ホース展張とホース結合は特に大事なところなので、意識してやっています。ホース展張は、左腕の使い方やホースを投げるときの右手の角度や振り方を意識しています。ホース結合は、重心をできるだけ低くし、オス金具を踏んで結合するときの金具の踏む位置などを意識して訓練しています。どの番員にもいえることですが、日々の生活の中で、操法のことでふと思いついたことは訓練時にやってみる。10思いついて全部だめかもしれません。ただ、そうやって思いついたことをやってみることで、必ず自分が求める操法に辿り着けるのではないかと考えています。
2番員は規律を見られることが多いと思うので、意識しています。控え綱をストレーナーから外し、吸管を持ち上げる動作でタイムロスにならないよう、抜きやすくバラバラにならない収め方、抜いた後にすぐに控え綱の先端が持てるような収め方を毎回心がけています。

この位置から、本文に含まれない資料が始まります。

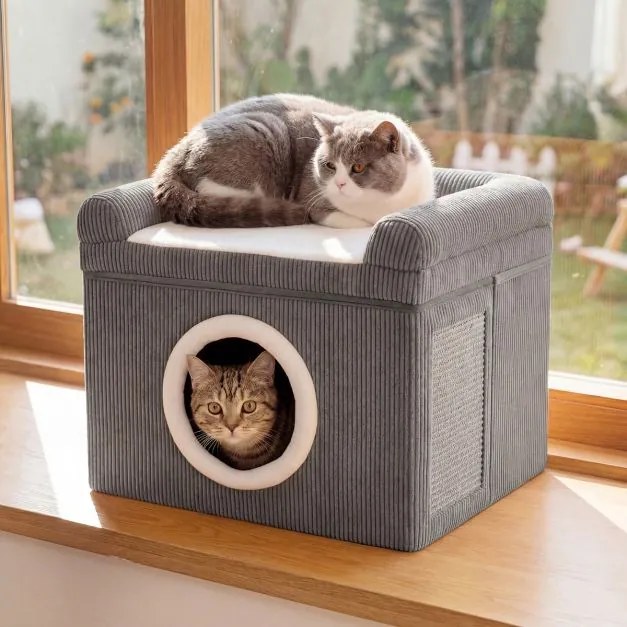 Cama para gatos de interior 49 x 41 x 39 cm - Grande caverna para gatos com condomínio, tapete de sisal para arranhar e almofada - cinzenta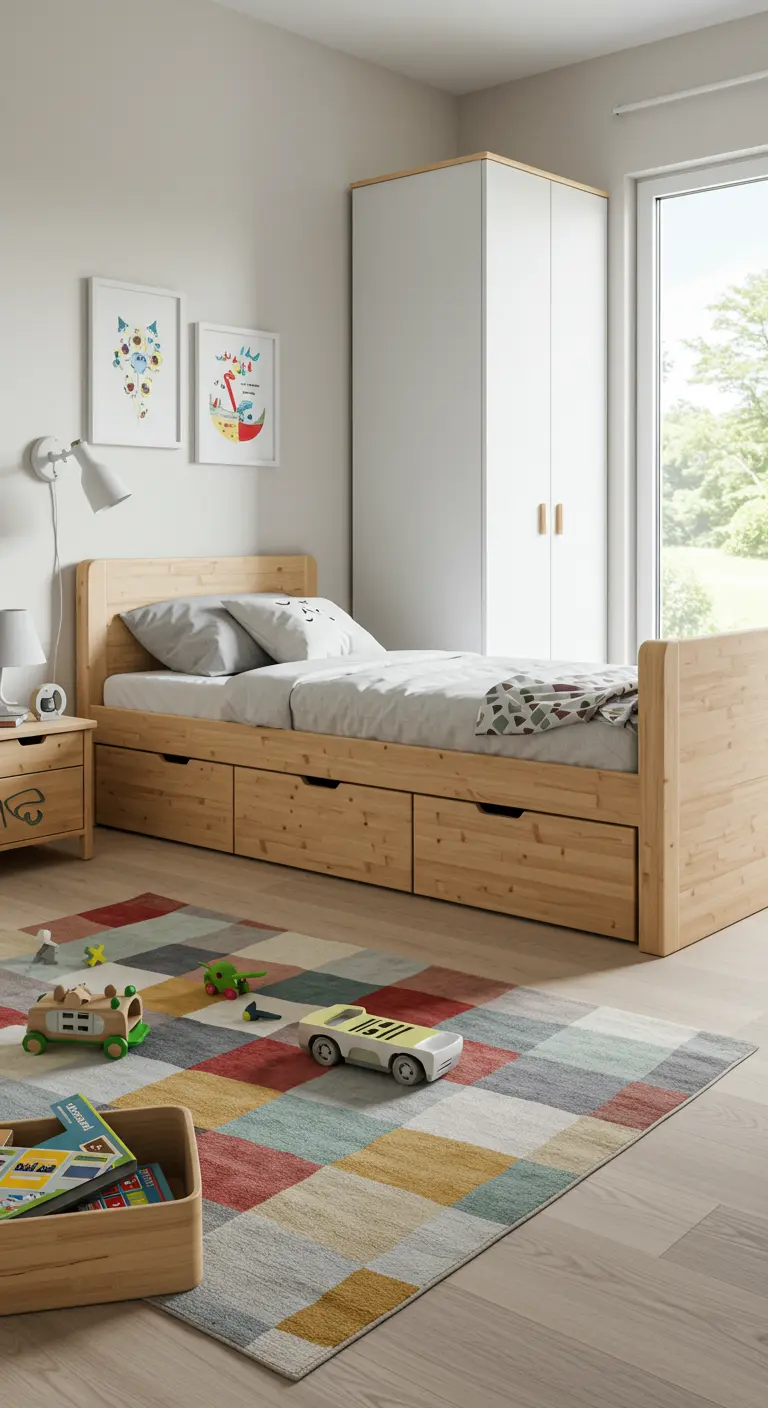 Cama infantil de madera de pino con tres cajones inferiores en una habitación con alfombra de colores.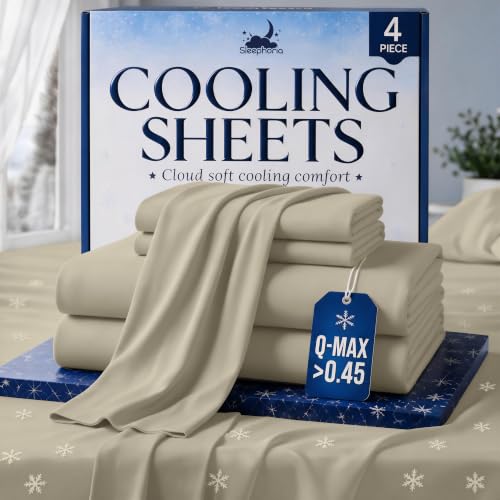 SLEEPHORIA 4 PC Cooling Sheets Queen Size Bed Set - Temperature Regulating Bedding for Hot Sleepers - Deep Pocket Cooling Bed Sheets Queen for Night Sweats and All-Night Cool Comfort (Cream)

自分が使う器具に愛着を持つことを心がけています。3番員なので、ポンプ内部の役割や性能、他のポンプとの違いなどを徹底的に調べあげます。そして、どうすれば最大限性能を引き出せるのかを意識しています。具体的には、放口の開き方、回転数、水圧の増減を意識し、周りでサポートしていただいている方に、毎回確認をとるようにしています。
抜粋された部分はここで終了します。